This README is just a quick overview of the Skream project.
Skream is a high-performance time-series library with memory-footprint guarantees. The name is short for "online SKetching and stREAMing," and is pronounced like "scream" in English. For scalability, Skream is written in Clojure and has zero side-effects. The library includes a simple RESTful web-service for clients.
Skream views a time-series as a simple sequence of numbers. These numbers are read sequentially and in order, with minimal state maintained. These sequences can be sensor readings from an Internet -of- things project, or stock prices in an HFT strategy.
What queries does a Skream currently support?
- Basic summary statistics (count, minimum, maximum, sum, mean / average)
- Variance & standard deviation
- Skewness & kurtosis
- Arbitrary higher-order moments (standardized & unstandardized)
- Range counts
- Gaussian range counts (e.g. count of elements within 0.42 standard deviations)

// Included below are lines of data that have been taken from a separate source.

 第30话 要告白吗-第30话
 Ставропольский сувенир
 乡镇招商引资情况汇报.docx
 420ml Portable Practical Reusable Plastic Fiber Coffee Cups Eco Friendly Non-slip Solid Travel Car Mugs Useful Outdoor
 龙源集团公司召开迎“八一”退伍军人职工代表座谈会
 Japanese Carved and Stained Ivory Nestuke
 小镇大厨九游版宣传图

- Histograms (evenly-spaced & Gaussian bins)
- Exponential moving average
- Simple moving average
- Approximate membership (via Bloom filters)
- Approximate individual element counts (via Count-Min sketches)

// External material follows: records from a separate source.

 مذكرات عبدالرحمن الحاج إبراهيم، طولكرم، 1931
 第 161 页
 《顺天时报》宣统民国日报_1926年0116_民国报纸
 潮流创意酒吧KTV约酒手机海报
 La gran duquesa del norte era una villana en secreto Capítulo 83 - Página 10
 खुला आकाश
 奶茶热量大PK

- Distinct element count (via HyperLogLog sketches)
- Approximate median (via P2 algorithm)
- Approximate arbitrary quantiles (e.g. 25% "median")
- Approximate mutual information between two Skreams (via histograms)
All of these queries are supported with a fixed memory footprint, new numbers added sequentially or in an online sense. The exception is simple moving average queries, which require a window of recent numbers maintained as state.
Skream is released under the Eclipse Public License, so you can easily incorporate the library into your commercial or non-commercial projects.
0.1 Alpha
Skream is a Leiningen Clojure project with decent automated test coverage. The main data-structure are simple Clojure maps with sequential updates handled by functions in map metadata.
Everything is done without side-effects, in-memory, and with only the minimal amount of state. This provides fundamental scalability across large time-series. Side-effect-less updates are done in parallel, utilizing every core (CPU) on the server.